Xu Yun, Schrader Wolfgang
Max-Planck-Institut für Kohlenforschung, Kaiser-Wilhelm-Platz 1, 45470 Mülheim an der Ruhr, Germany.
iScience. 2022 Mar 8;25(4):104036. doi: 10.1016/j.isci.2022.104036. eCollection 2022 Apr 15.
In daily life humankind is producing a significant amount of garbage, creating a great environmental concern. However, garbage consists of high amounts of carbon based materials, making it a very useful resource. An easy way to use it is to produce transport fuels obtained through pyrolysis. Multiple plastic waste materials were investigated here. Thermogravimetric analysis (TGA) of individual polymers shows that almost complete conversion could be achieved.

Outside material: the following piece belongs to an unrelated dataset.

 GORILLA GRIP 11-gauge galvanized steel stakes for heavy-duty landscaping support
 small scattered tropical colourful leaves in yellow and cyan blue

More than 70% liquid fuels were derived from pyrolysis of polypropylene, polystyrene at 450°C, and low-/high-density polyethylene at 500°C. Using gas chromatography/high-resolution mass spectrometry (GC/HR-MS) allows studying the thermal transformation and proposing a mechanism. An examination of carbon number distribution reveals the potential of plastic liquid fuels, which can be used as an alternative to partial substitution of fossil-fuel-derived gasoline and diesel fuel and also provides a final use of polymer materials, which otherwise would be deposited on waste dumps.
在日常生活中,人类产生了大量垃圾,引发了严重的环境问题。然而,垃圾含有大量碳基材料,使其成为一种非常有用的资源。一种简单的利用方式是通过热解生产运输燃料。这里对多种塑料废料进行了研究。对单个聚合物的热重分析(TGA)表明几乎可以实现完全转化。在450°C下对聚丙烯、聚苯乙烯以及在500°C下对低密度/高密度聚乙烯进行热解,可得到超过70%的液体燃料。使用气相色谱/高分辨率质谱(GC/HR-MS)能够研究热转化过程并提出一种机制。对碳数分布的研究揭示了塑料液体燃料的潜力,其可作为部分替代化石燃料衍生的汽油和柴油的替代品,还为聚合物材料提供了最终用途,否则这些聚合物材料会被倾倒在垃圾场上。